I squeeze. One little pinprick of blood comes out, and I drop it over the test card, right into the middle of one of the little circles. I’m pleased. We look at the blood, the card, my sad aching little finger.

“It’s not enough,” Sunbeam says.

“Well, it’s going to have to do,” I say.

“No, look, right here, it’s not enough.” Another picture in the little pamphlet: depicting a little drop of blood in the middle of a circle. It looks eerily like the one I just made. Over it, the words: NOT ENOUGH.

“That’s why they gave you two of these.” She hands me another finger-stabber-thingy and nods expectantly at the other hand. I swallow.

Holy shit this is my fourth stab of the day.

“OW!” Another little red pinprick.

“Okay, look, we need to get the blood down there,” Sunbeam says. She starts kneading my arms. I’m holding my finger over that freaking circle trying my very best to bleed adequately. Then she starts with the karate chops. Up and down my arms. Little drops of blood are going every where. Some are even getting on the card, but it’s turning out to be monstrously difficult to bleed on target.

She’s chopping one arm, I’m squeezing the finger on the other, and Mare is standing, staring in horror.

“I got it, I got it,” Sunbeam says.

Blood. Everywhere. It’s all over the play room. It’s on the table, the floor. We pick up the card. It’s dripping.

“I think that’s good,” she says.

“Yeah, yeah,” I agree. That’s when I drop the card.
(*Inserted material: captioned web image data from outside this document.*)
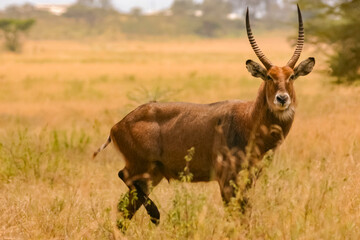 Naklejka na ściany i meble Cobe Defassa Kobus Defassa Antilope Waterbuck Afrique Kenya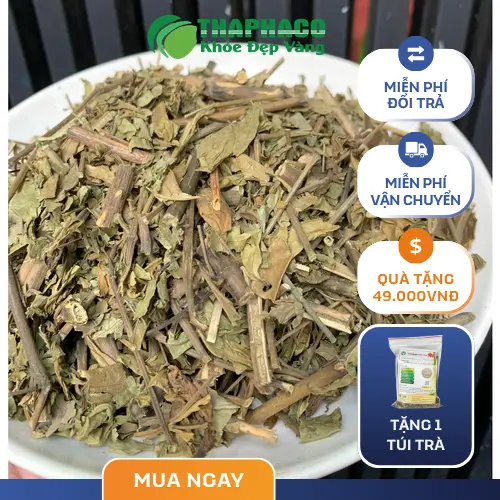 Rủi ro khi bà bầu uống lá Hoàn Ngọc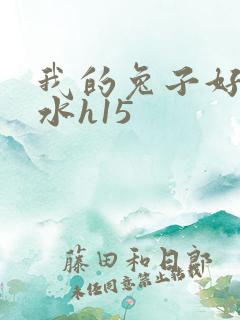 我的兔子好多软水h15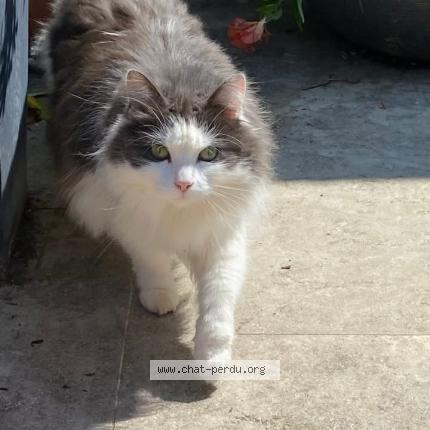 Photo 1/1 Tobermory Chat perdu à Angers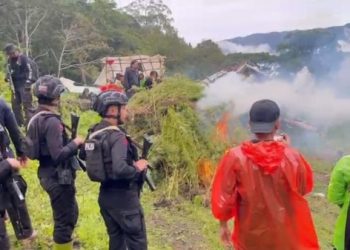 Bareskrim Polri Temukan 57,75 Hektar Ladang Ganja di Gayo Lues. (Foto/Doc)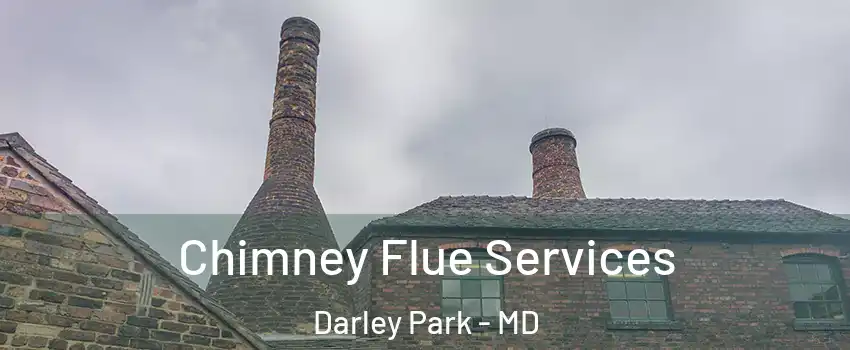 Chimney Flue Services Darley Park - MD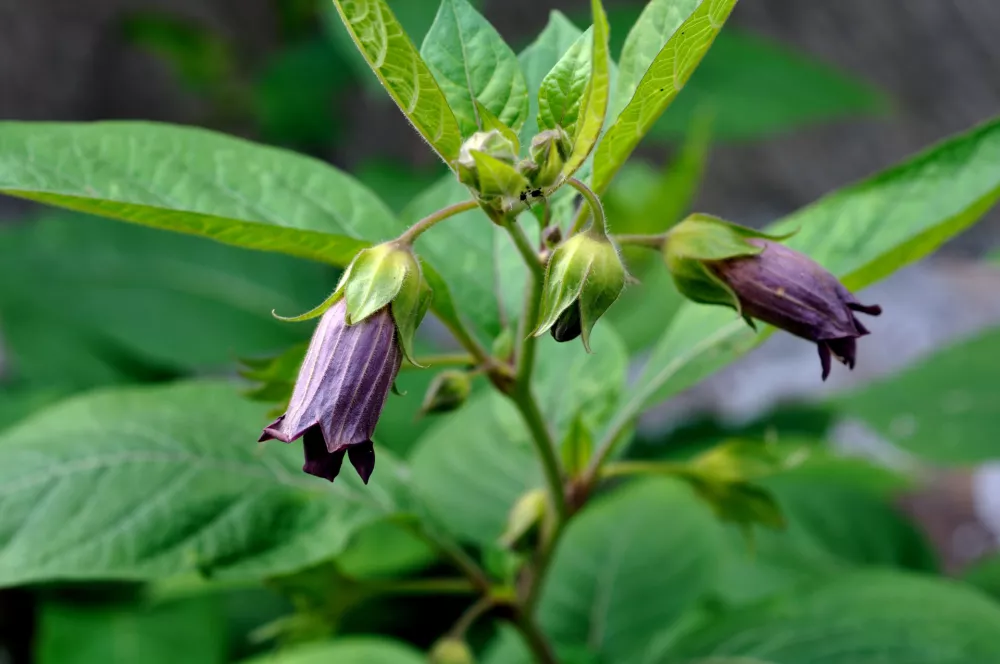 Volčja češnja. Foto: Reuters/Alamy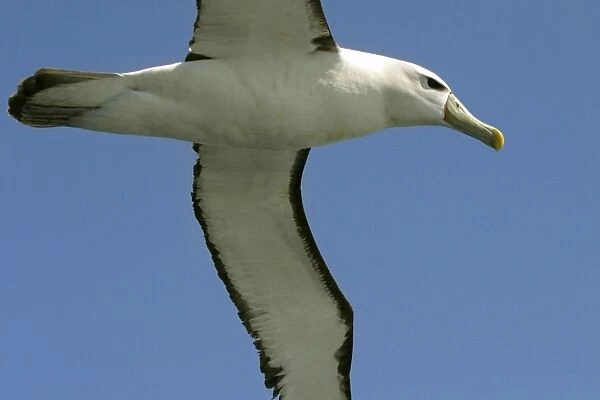 Shy  /  White-capped Albatross Off Eaglehawk Neck, eastern Tasmania, Australia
The carefully-uncontaminated-judiciously-bled-on-freaking-card.

It lands, face down, on the floor.

What’s the rule on bloody cardboard? Ten seconds, what?

“Still good, still good,” I say, scooping it up.

“Congratulations, we are pleased to inform you you are having a cat,” Sunbeam says.

Whatever. We cram it into the envelope. If they need any help identifying me, they can use the bloody thumbprint on the package.

I do wonder, though, what the mailman will think.

***

I received this product for free to review on this website. The test is produced byConsumer Genetics and is very simple and logical. 7 weeks after conception (or about 10 weeks from LMP) the baby is emitting DNA material that goes into the mother’s blood stream. A sample of the blood is tested for male DNA. If there is some, then it’s a boy. If there isn’t, it’s a girl. That’s why it’s important not to contaminate your little bloody card.

The test was pretty easy to do, and the company was very responsive to my e-mailed inquiries. The downside, of course, is the price tag. $244, according to their website. Given that most prenatal providers now are happy to identify sex by sonogram, it’s basically a lot of money to pay for impatience.

However, if you have the money to spend, and don’t mind a little blood, it’s fun. It’s also amazingly fast. I sent the sample late last week and received an e-mail result as I was typing this post.

Not that I’m going to tell you what it was.